BP has set a new ambition to become a net zero company by 2050 or sooner, and to help the world get to net zero.
Unveiling plans to fundamentally reorganise the business new CEO Bernard Looney said: “The world’s carbon budget is finite and running out fast; we need a rapid transition to net zero. We all want energy that is reliable and affordable, but that is no longer enough. It must also be cleaner. To deliver that, trillions of dollars will need to be invested in replumbing and rewiring the world’s energy system. It will require nothing short of reimagining energy as we know it.
“This will certainly be a challenge, but also a tremendous opportunity. It is clear to me, and to our stakeholders, that for BP to play our part and serve our purpose, we have to change. And we want to change – this is the right thing for the world and for BP.”

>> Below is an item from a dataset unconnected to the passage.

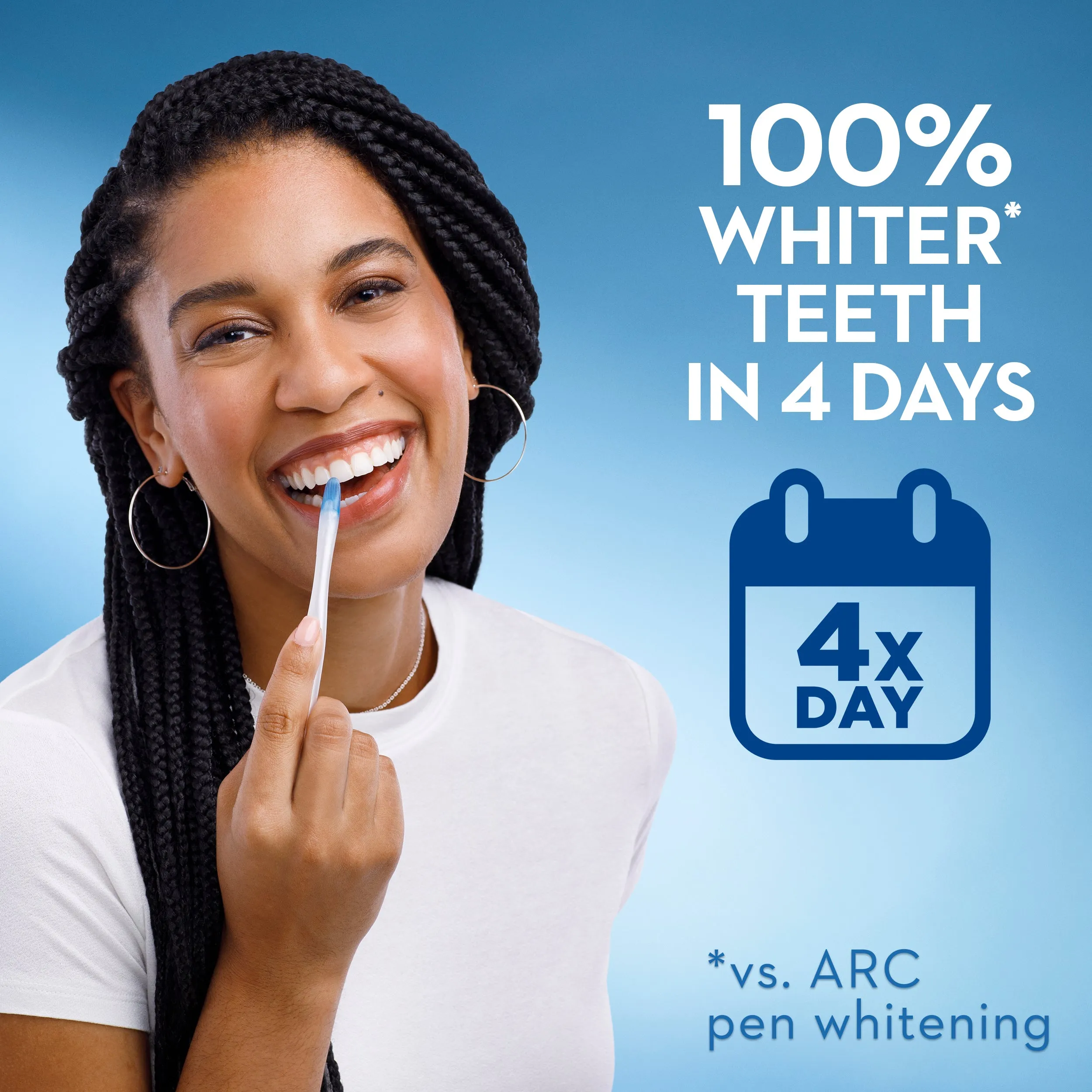 Crest Whitening Emulsions with Wand Applicator, Leave-on Teeth Whitening Treatment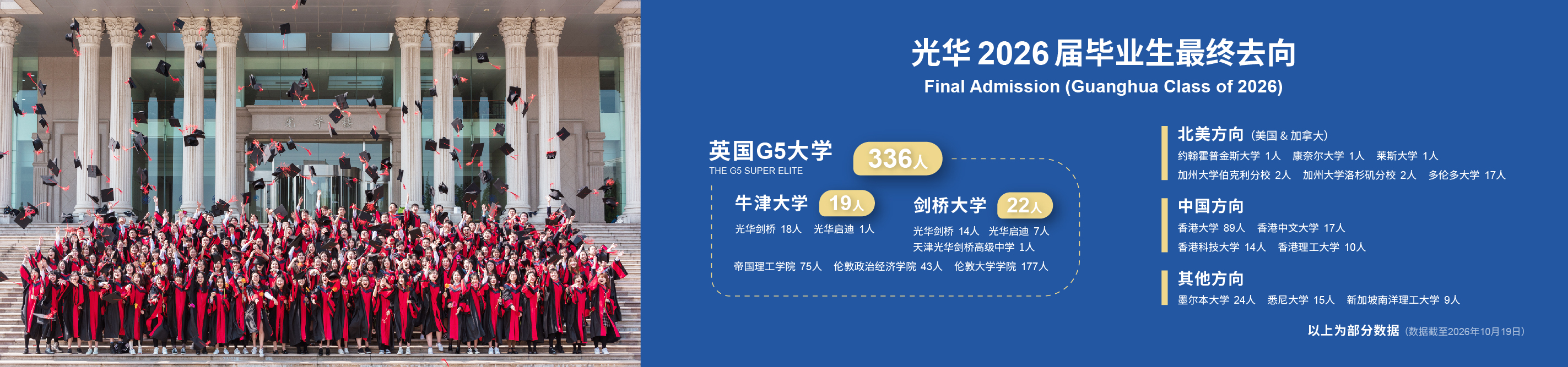 2026届学生牛剑预录取数据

Helge Lund, BP’s chairman, commented: “Energy markets are changing, driven by climate change, technology and societal expectations, and the board supports Bernard and his new leadership team’s ambition for BP. Aiming for net zero is not only the right thing for BP, it is the right thing for our shareholders and for society more broadly. As we embark on this ambitious agenda, we will maintain a strong focus on safe, reliable and efficient operations and on delivering the promises we have made to our investors.”
Looney said the net zero ambition covered both greenhouse gas emissions from BP’s operations and all the carbon in the oil and gas that it produces. He explained: “This is what we mean by making BP net zero. It directly addresses all the carbon we get out of the ground as well as all the greenhouse gases we emit from our operations. These will be absolute reductions, which is what the world needs. If this were to happen to every barrel of oil and gas produced, the emissions problem for our sector would be solved. But of course, the world is not that simple; the whole energy system has to be transformed and everyone has a contribution to make – producers and sellers of energy, policy makers and everyone who uses energy.”

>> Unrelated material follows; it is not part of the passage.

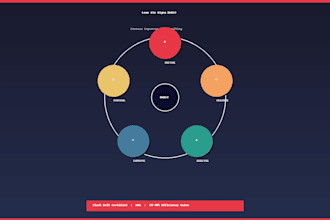 apply lean six sigma dmaic to your business process and cut waste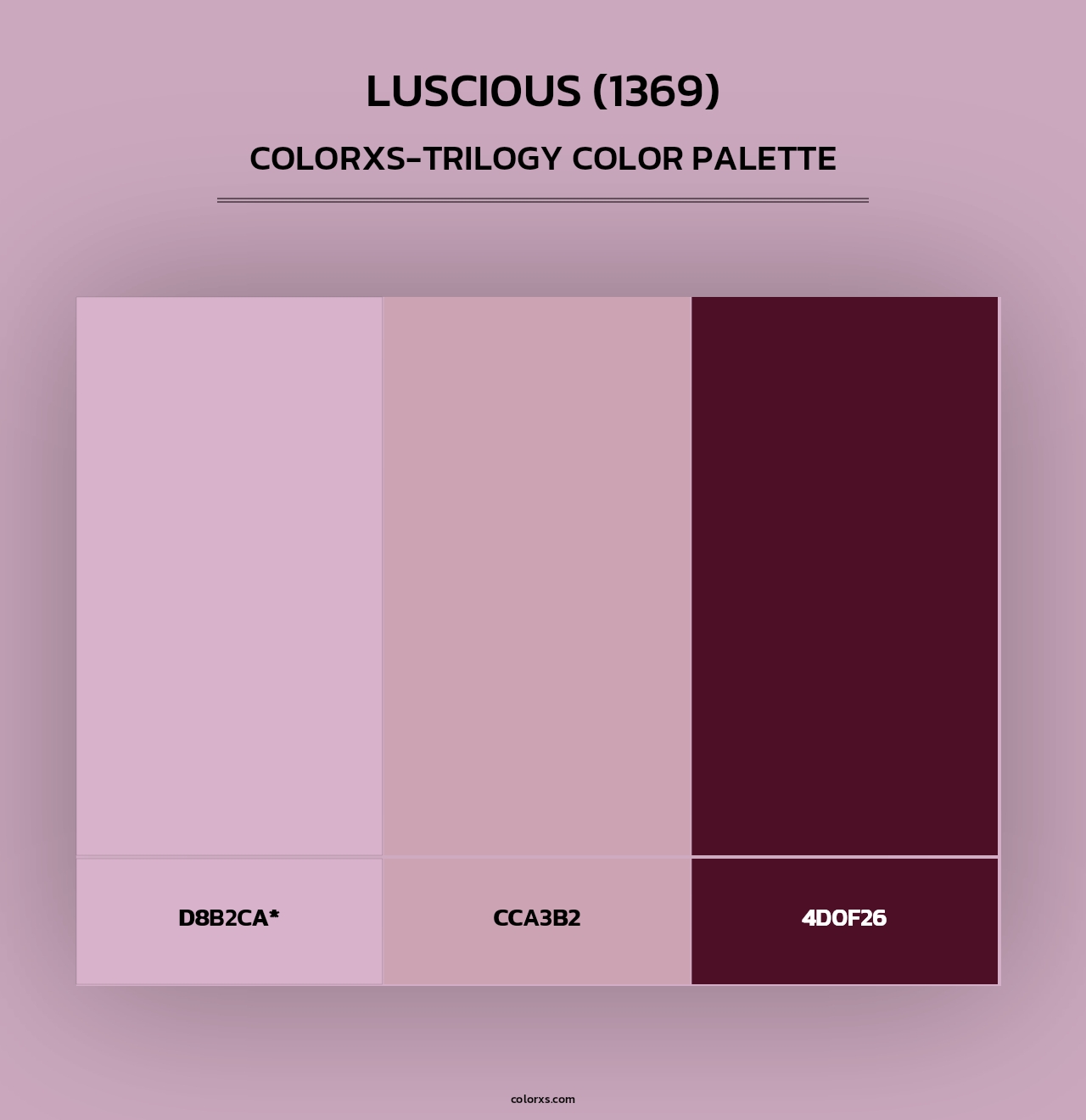 Luscious (1369) - Colorxs Trilogy Palette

He said BP aimed to help its customers reduce their emissions by halving the carbon intensity of the products it sells, again by 2050 or sooner – offering customers more and better choices of low- and no-carbon products.
He also said BP would become an advocate for policies that promote net zero and would be setting new expectations for its relationships with trade associations, making the case for BP’s views on climate change, being transparent where views differ, and being prepared to leave those where alignment cannot be reached.
He explained that to deliver its new ambition and aims, BP would undergo a fundamental reorganisation. “We need to reinvent BP. Our historic structure has served us well but, in order to keep up with rapidly-evolving customer demands and society’s expectations, we need to become more integrated and more focused. So we are undertaking a major reorganisation, introducing a new structure, a new leadership team and new ways of working for all of us.”